The federal government, however, is coming to rescue them from their own choices.

The Department of Labor announced new rules this week that will limit the circumstances in which workers can be classified as independent contractors. Once implemented, those rules will force some workers currently operating as independent contractors to become full-fledged employees—thus triggering other federal mandates regarding pay and benefits.

“This rule will help protect workers, especially those facing the greatest risk of exploitation, by making sure they are classified properly and that they receive the wages they’ve earned,” acting Secretary of Labor Julie Su said in a statement.

In reality, the department is unleashing federal bureaucrats to micromanage the decisions that those workers have already made for themselves.
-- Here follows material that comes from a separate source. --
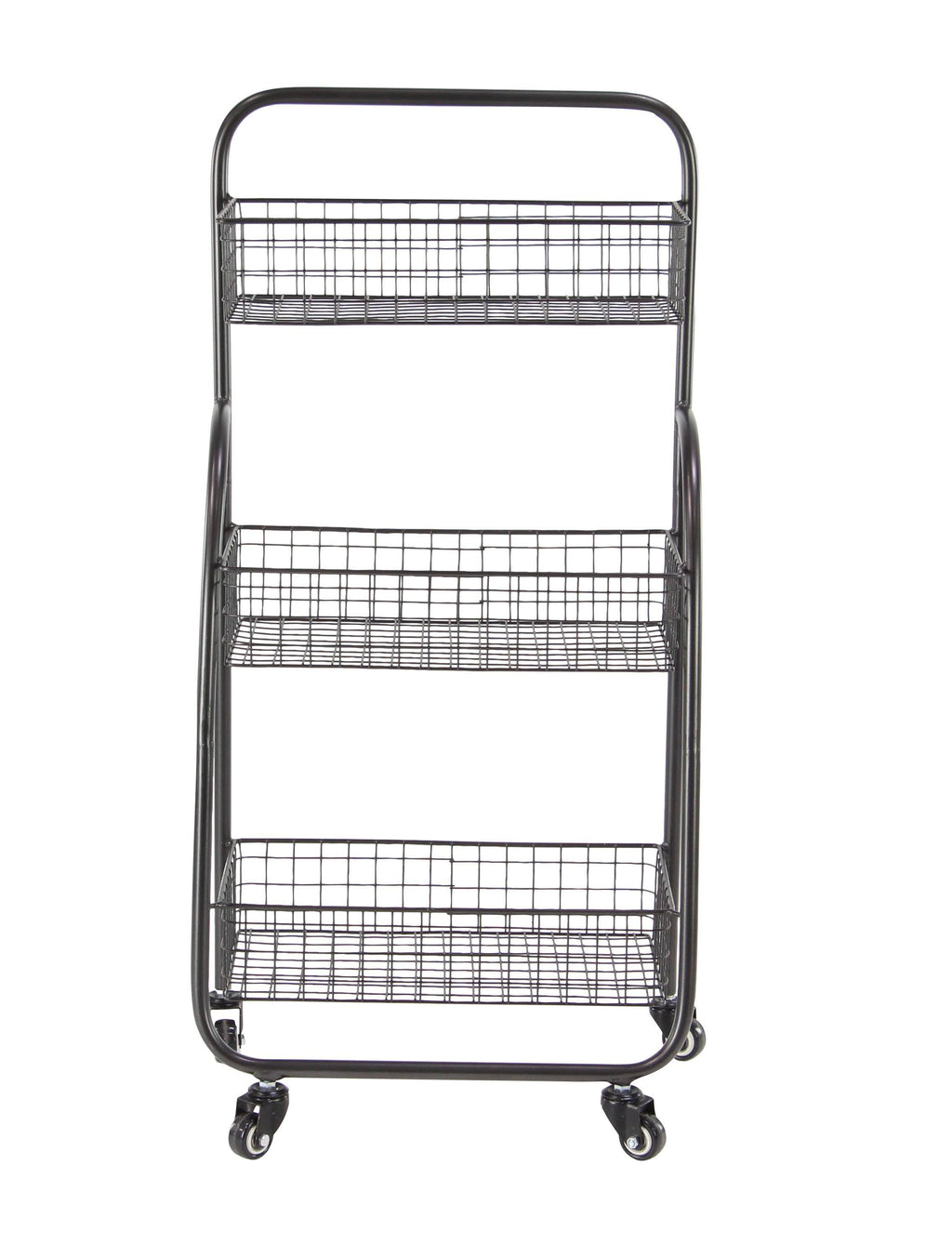 Black 3-Tiered Iron Storage Cart with Caster Wheels C997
When it is fully implemented in March, the new rule will impose a vague six-part test to determine whether a worker should count as an employee or a contractor. Determining factors whether the job is deemed to be permanent or temporary, as well as how much control bosses have over employees’ time, and how essential the employees are to the business’ overall activity.

Those determined to be employees will be forcibly reclassified even if they do not want to be.
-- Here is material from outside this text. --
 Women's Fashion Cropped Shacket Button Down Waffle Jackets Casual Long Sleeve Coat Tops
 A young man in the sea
And many seemingly don’t. A 2021 Pew survey of gig economy workers found that 78 percent were satisfied with their jobs and that most valued the flexibility to set their own schedules or earn small amounts of extra cash on the side. Another 2021 study conducted by Jabra found that only about 10 percent of independent contractors desired a more traditional job while nearly 80 percent intended to keep freelancing, National Affairs reported.

This is a problem that requires federal action?

“In reality, what workers want most in today’s economy is flexibility,” Jarrett Dieterle, a senior fellow at the R Street Institute and author of that National Affairs essay, tells Reason.

Rather than pushing contractors towards being full-time employees, Dieterle says the government should seek ways for those workers to carry benefits from one job to another—allowing health care coverage or retirement savings accounts that belong to individual workers rather than being tied to specific employers. “Doing so would maintain worker flexibility while also providing more benefit options, all while avoiding the harmful effects of reclassifying broad swaths of the American workforce,” he says.

An unintended consequence of the change could be the loss of some jobs, warns the Associated Builders and Contractors (ABC), a trade association of non-union construction firms.

“Regrettably, the confusion and uncertainty resulting from the final rule will cause workers who have long been properly classified as independent contractors in the construction industry to lose opportunities for work,” said ABC CEO Ben Brubeck in a statement. “This move will jeopardize the ability of construction firms to continue the industry’s longstanding practice of utilizing legitimate independent contractors.”

While the new rule will “reverberate” across a variety of industries where independent contractor work is common—including health care, construction, and food service—The Wall Street Journal notes that the real target of the Biden administration’s new policy seems to be gig economy platforms like Uber and DoorDash.

In a statement to the Journal, Uber said the new rules would not “materially change” existing labor rules for the more than 1 million Americans who work as independent contractors while driving for Uber. It’s widely expected that ride-sharing services and other app-based businesses will sue over the Department of Labor’s new policy, potentially delaying or blocking its implementation.

Even if the new rules are eventually struck down in court, this week’s announcement should underline one of the problems created by America’s sprawling administrative state. The Biden administration’s new independent contractor rule replaces a different—and more flexible—policy set by the Trump administration. Biden blocked the implementation of that policy shortly after taking office in 2021, and it’s likely that the next Republican president—perhaps as soon as next year—will seek to undo the new rules announced by the Biden administration this week.

This is no way to regulate an economy. It means workers have a harder time planning for the future, businesses are forced to navigate ever-changing rules, and investors will be put off by government-created uncertainty.

The real solution is for Congress to settle this matter once and for all, but no one expects that to happen anytime soon. Instead, we’re left with unelected bureaucrats telling American workers that they’re being exploited by their own preferences for more flexible work arrangements.